### Image-caption web data

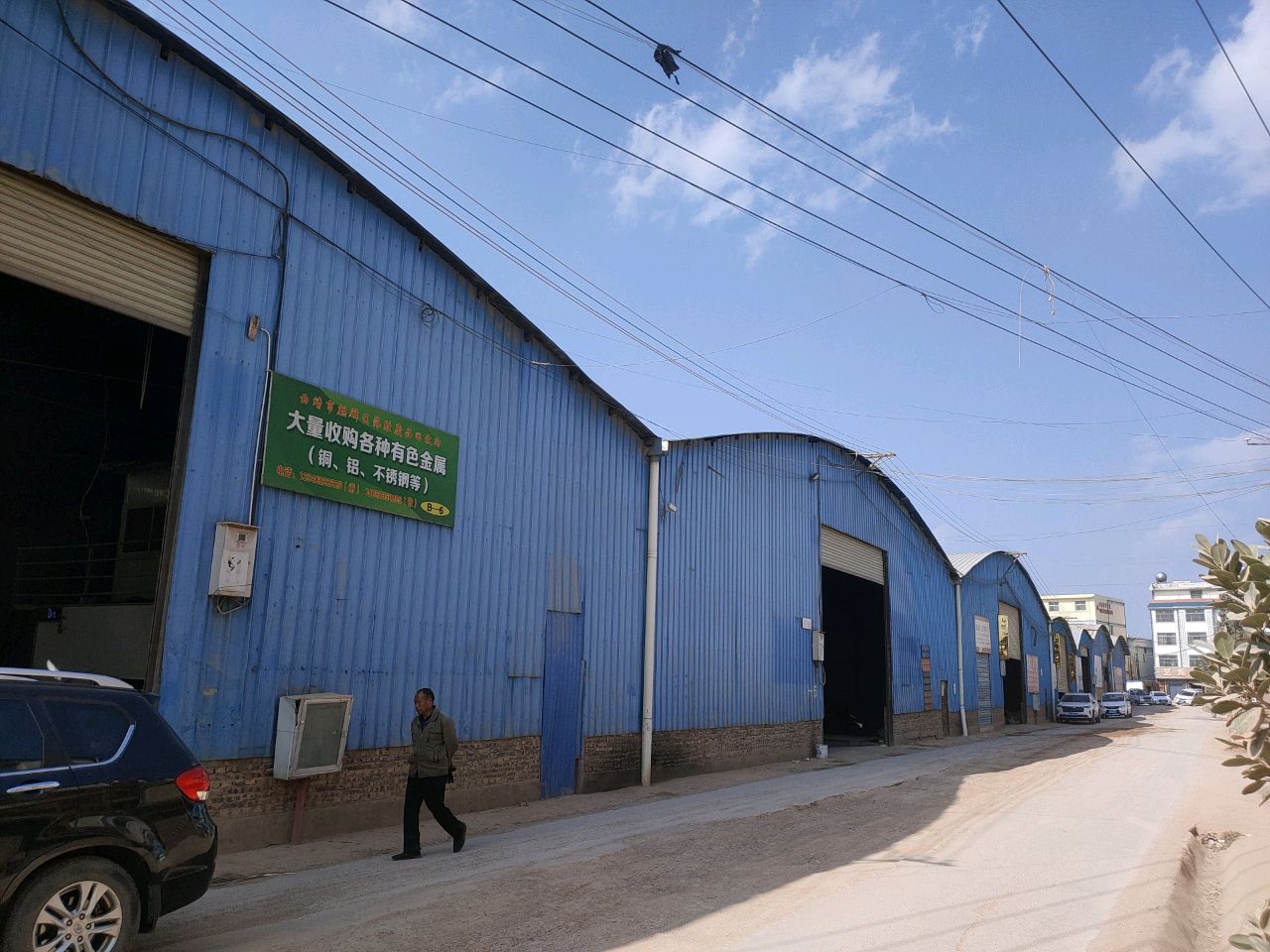 曲靖市松友废旧物品回收有限公司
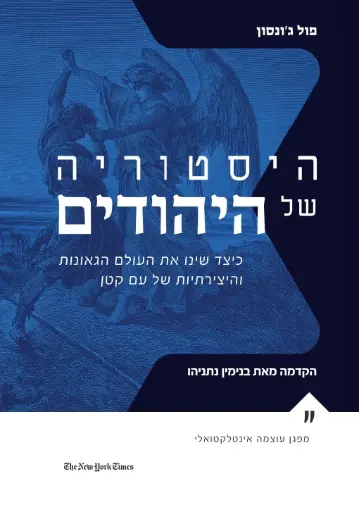 היסטוריה של היהודים - כיצד שינו את העולם הגאונות והיצירתיות של עם קטן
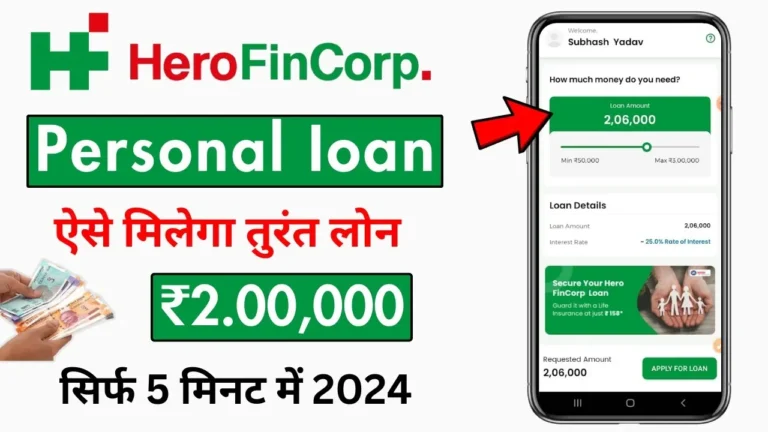 हीरो फिनकॉर्प में 5 मिनट में ले सकते है 3 लाख का पर्सनल लोन, जल्दी लोन लेने के लिए ऐसे करे आवेदन: Hero Fincorp Personal Loan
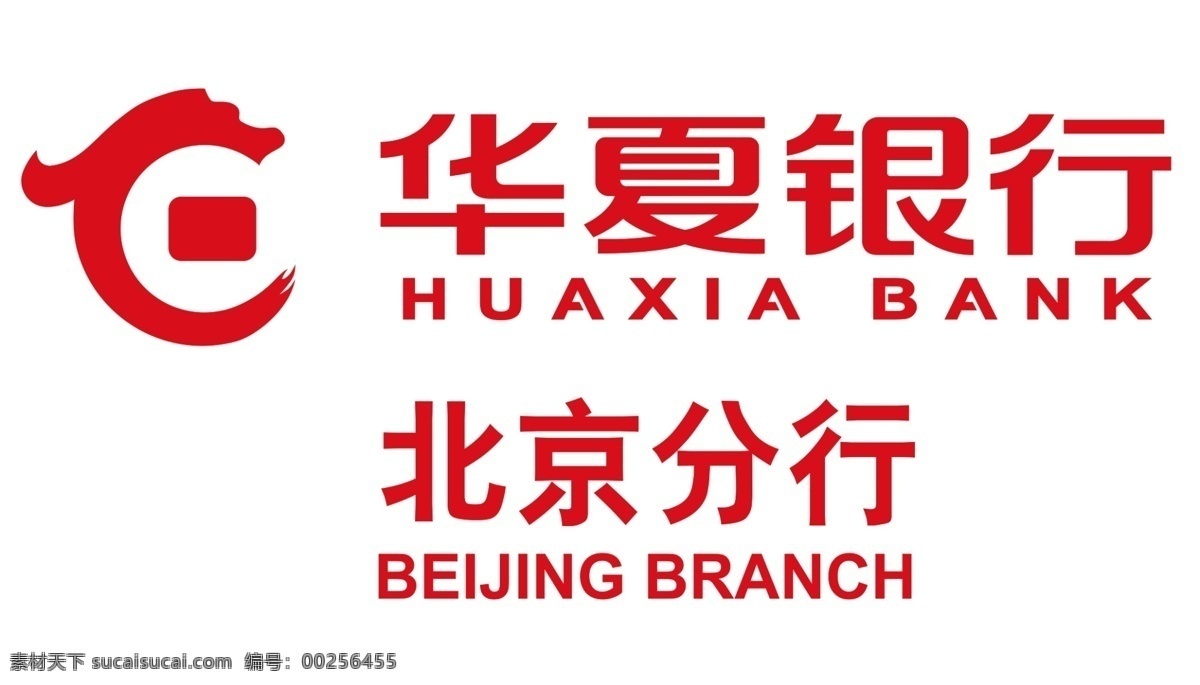 华夏银行 logo 银行 标志 华夏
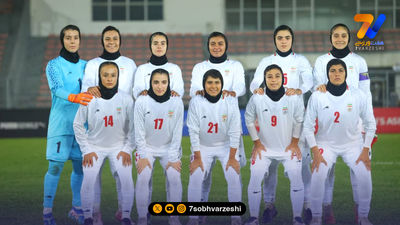 مریم آزمون سرمربی تیم فوتبال زنان پرسپولیس شد
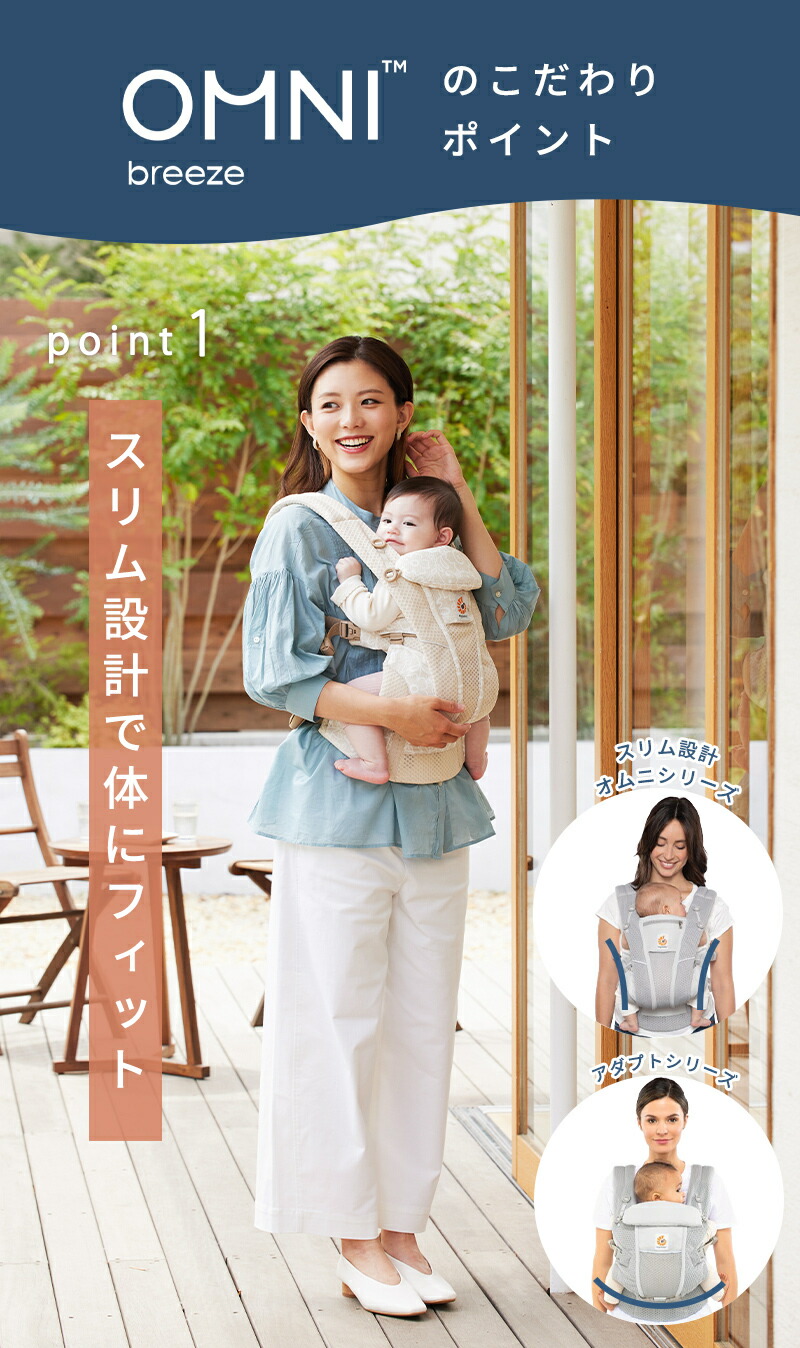 楽天市場】【公式】 エルゴベビー オムニ ブリーズ パールグレー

### Aim of the exercise
Your answer should be the lines above from the one that contains "हीरो फिनकॉर्प में" through the last, set down exactly, with the pictures removed.

### Response area
 हीरो फिनकॉर्प में 5 मिनट में ले सकते है 3 लाख का पर्सनल लोन, जल्दी लोन लेने के लिए ऐसे करे आवेदन: Hero Fincorp Personal Loan
 华夏银行 logo 银行 标志 华夏
 مریم آزمون سرمربی تیم فوتبال زنان پرسپولیس شد
 楽天市場】【公式】 エルゴベビー オムニ ブリーズ パールグレー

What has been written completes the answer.